Within the records below, find the line with "Honey Bee Farm" and the line with "Coster Copenhagen Heart", then reproduce exactly those two lines and all lines between them, without any picture.

---- Supplied material

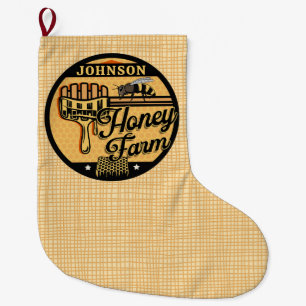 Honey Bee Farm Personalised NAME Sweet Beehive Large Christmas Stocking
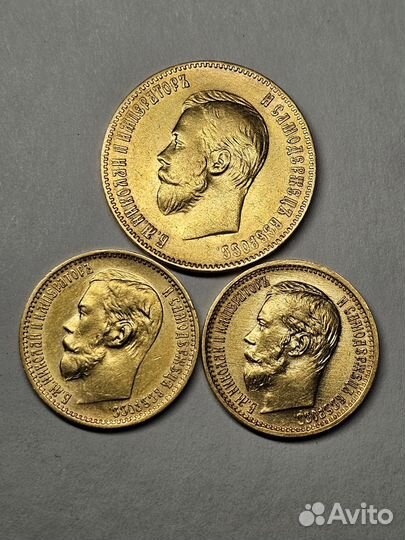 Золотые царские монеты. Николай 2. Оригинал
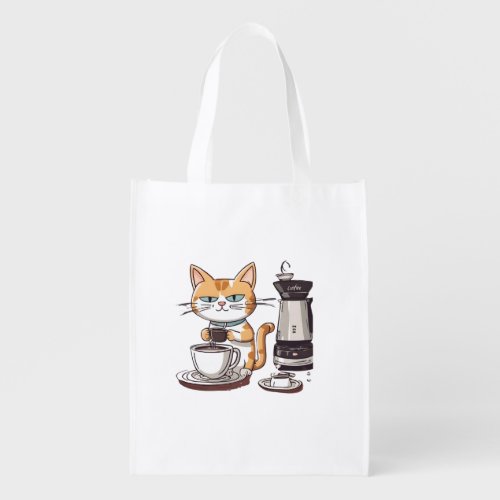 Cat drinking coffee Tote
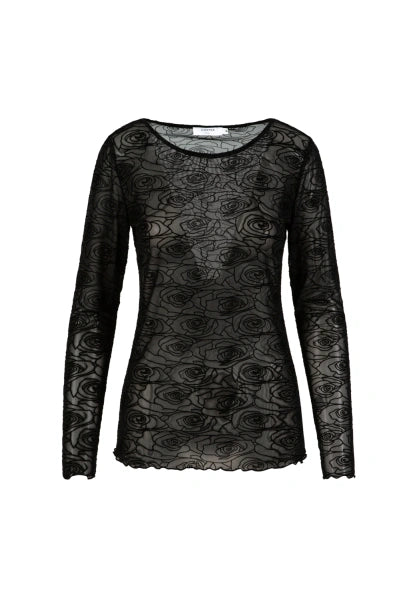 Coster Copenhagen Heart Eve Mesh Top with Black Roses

--------
---- Supplied material

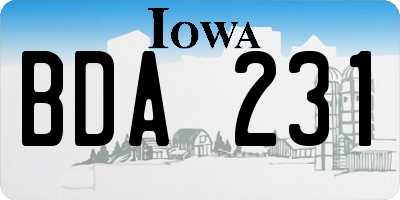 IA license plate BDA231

--------

* [Response for this exercise]:
 Honey Bee Farm Personalised NAME Sweet Beehive Large Christmas Stocking
 Золотые царские монеты. Николай 2. Оригинал
 Cat drinking coffee Tote
 Coster Copenhagen Heart Eve Mesh Top with Black Roses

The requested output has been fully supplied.